On Sunday, the Catholic world will rejoice as Pope Benedict XVI beatifies his predecessor Pope John Paul II. Six years ago, at John Paul II’s funeral Mass, then Cardinal Joseph Ratzinger preached that the most distinctive characteristic of the life of Karol Wojytla was that, from his earliest days, he responded to the Lord’s call to follow him as a faithful disciple and a zealous apostle. “Follow me,” Cardinal Ratzinger preached, was the “lapidary saying” that “can be taken as the key to understanding the message that comes to us from the life of our late beloved Pope John Paul II.”

That call of the Lord, and Wojtyla’s faithful and heroic response, is what unites all the aspects of his life, from his growing up in a pious home in Wadowice, to his reaction to the early deaths of his mother, only brother and father, to his resistance to Nazist and Communist wickedness as a young man, to his entering the clandestine seminary in Krakow, to his studies, acting, poetry, teaching, and pastoral work as a priest, to his service as a bishop and important contributor to the Second Vatican Council, to his vigorous assumption of the papacy and hope-filled survival of an assassination attempt, to his beautiful valedictory entrusting himself to the mercy of the Lord in his final years of suffering. His entire life was that of a faithful disciple following the Lord Jesus up close all the way across the threshold of the Father’s House.

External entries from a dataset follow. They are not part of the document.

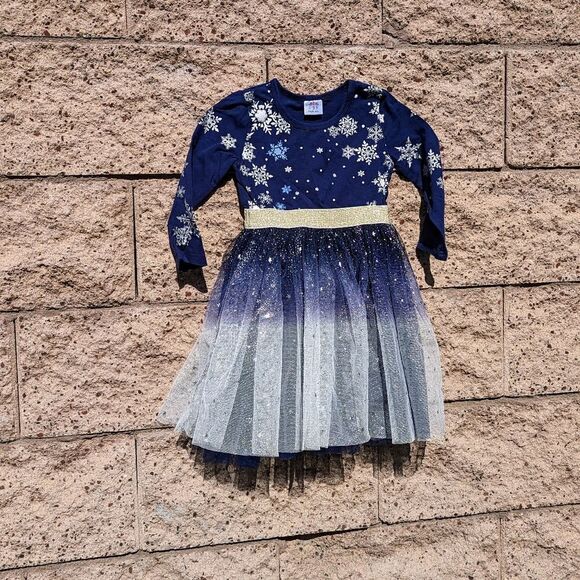 Little girls sparkle snowflake holiday dress - Picture 3 of 14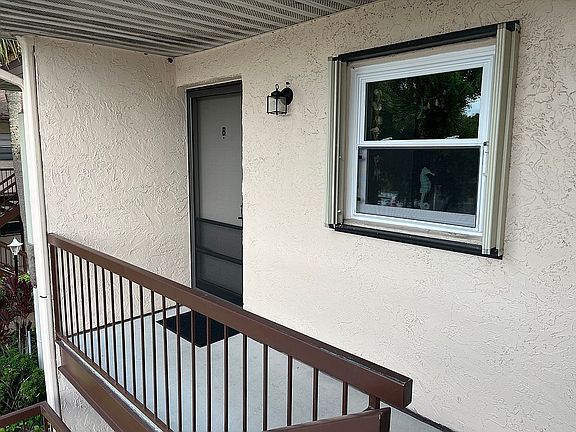 3rd image of 2500 Eagle Dr #4-B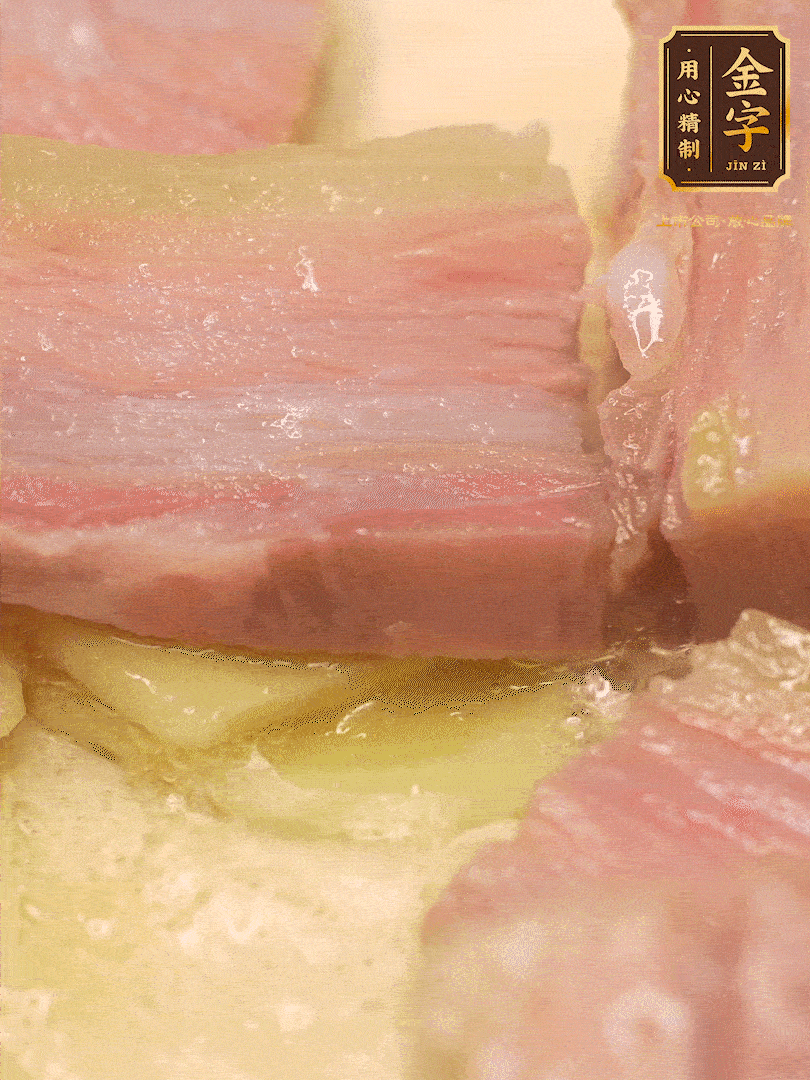 鍋內(nèi)熱油放點(diǎn)姜絲，煸香咸肉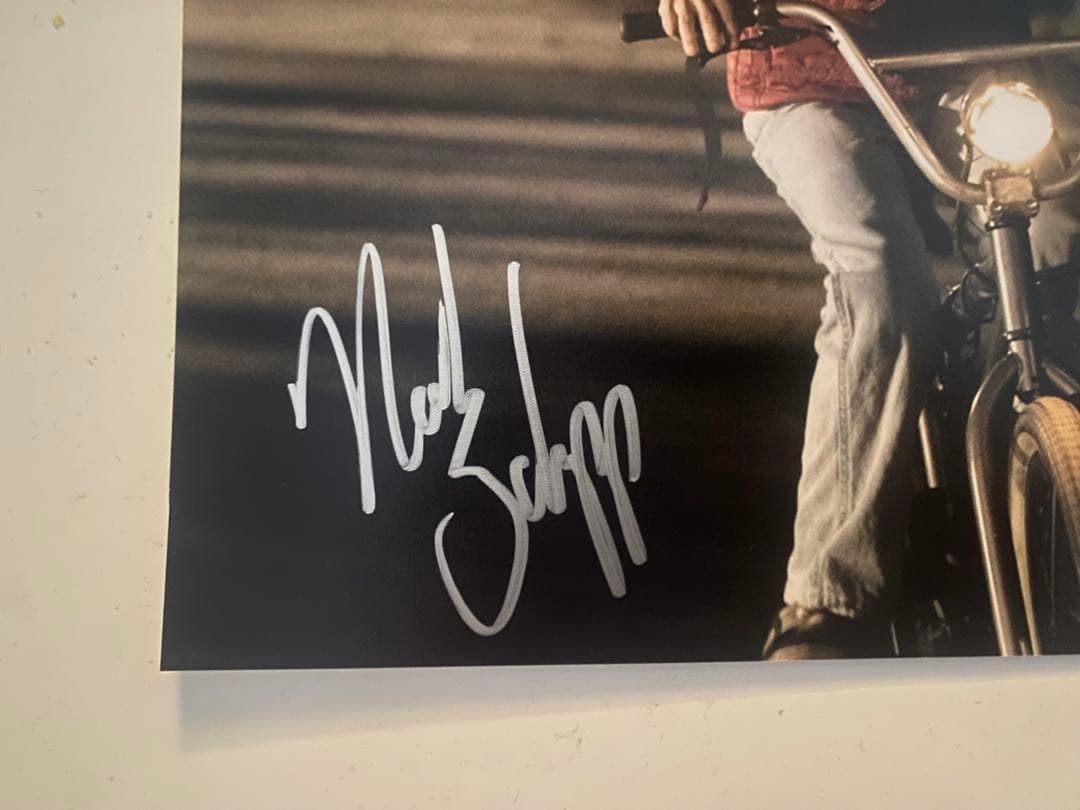 ストレンジャーシングス　ノア•シュナップ サイン入り写真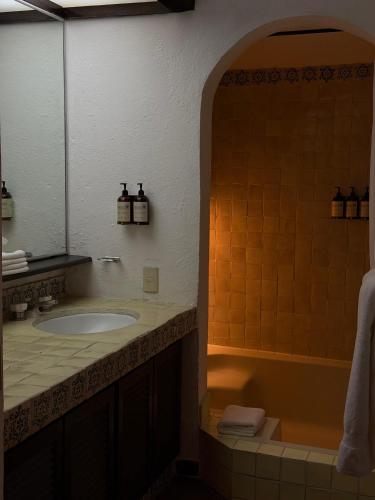 a bathroom with a sink and a shower at Hotel Hacienda Taboada (Aguas Termales) in San Miguel de Allende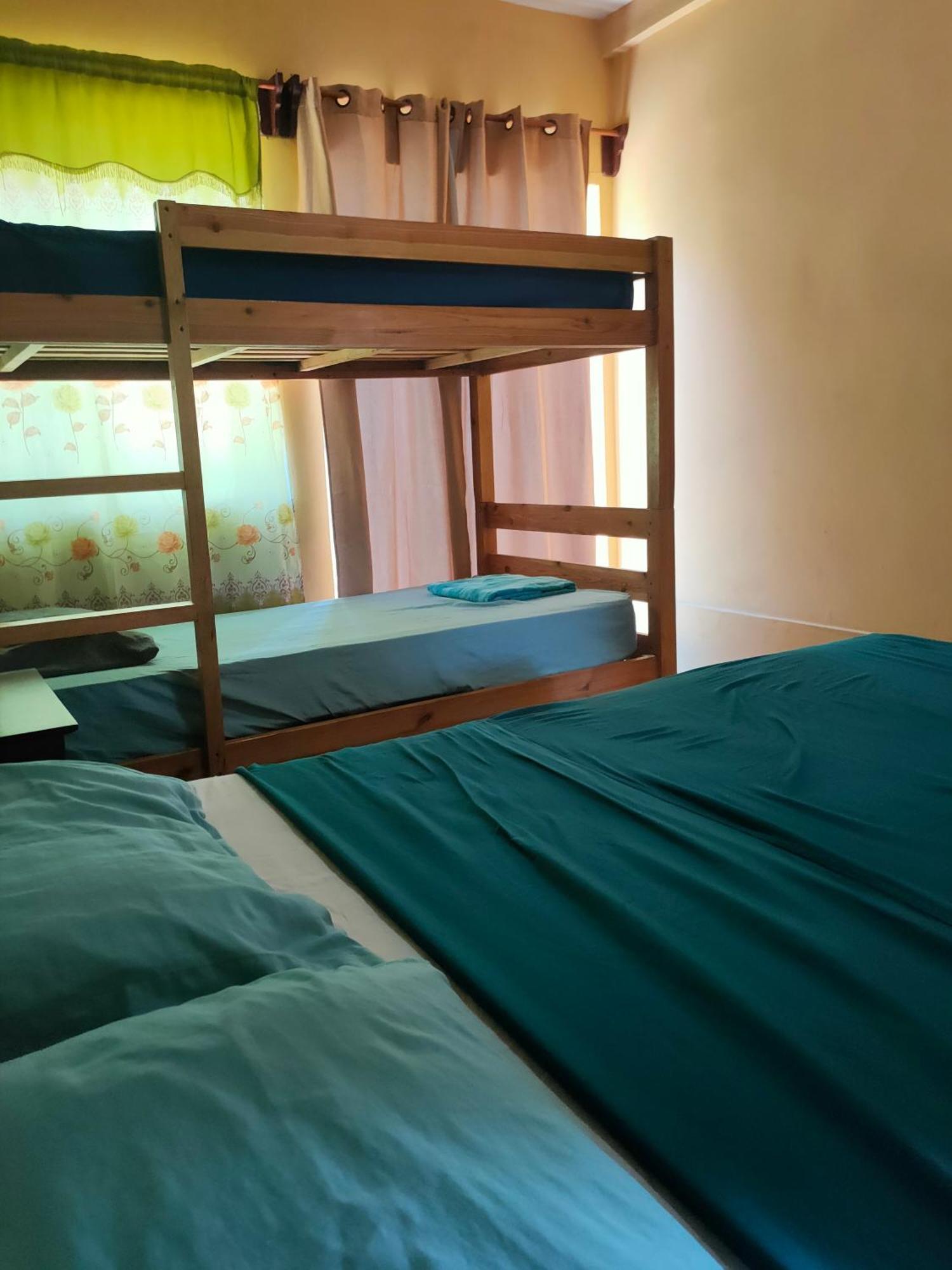 Guesthouse Island Escape South End Номер фото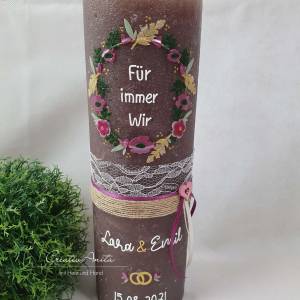 Hochzeitskerze Rustik schlamm inkl. Teelicht - Blütenkranz und Federn in Beere-Gold - Bohostil Bild 2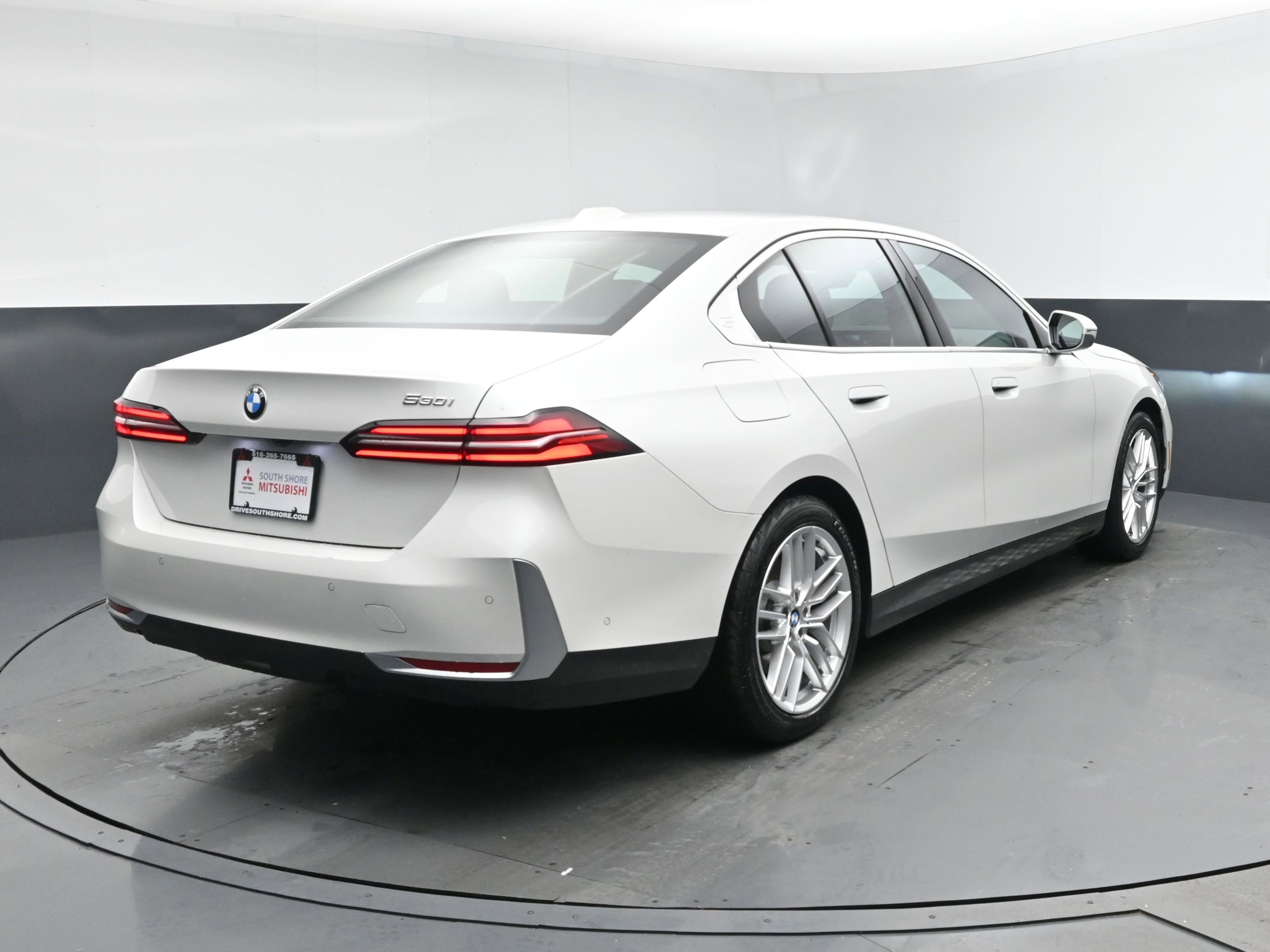 Used 2025 BMW 530i RWD image 21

He once told his authoritative biographer, George Weigel, that most people erred by trying to understand him only “from the outside,” from all that he did publicly on the biggest stage — the foreign trips, his role in the downfall of communism, his meetings with and influence on world leaders and events. “But I can only be understood from inside,” he confessed. To understand him from the inside means to seek to understand his core: that all of his motivations came from his Christian faith, that whatever fruit he produced in life came from being grafted onto Christ the Vine.

That’s why Sunday’s beatification is so significant. A beatification is not a posthumous honor given to a “papacy,” however historic and inspiring. It is a recognition by the Church that one of her members lived the theological virtues of faith, hope and love to an heroic degree and that God has confirmed that ecclesial assessment, so to speak, by the granting of a miracle — which only God can do — through prayers made to Him through that person’s direct intercession. The beatification process looked at John Paul II from the inside and is now proclaiming that from the inside John Paul II was truly a Christian hero, perhaps an ever greater one than the world thinks he was on the “outside.”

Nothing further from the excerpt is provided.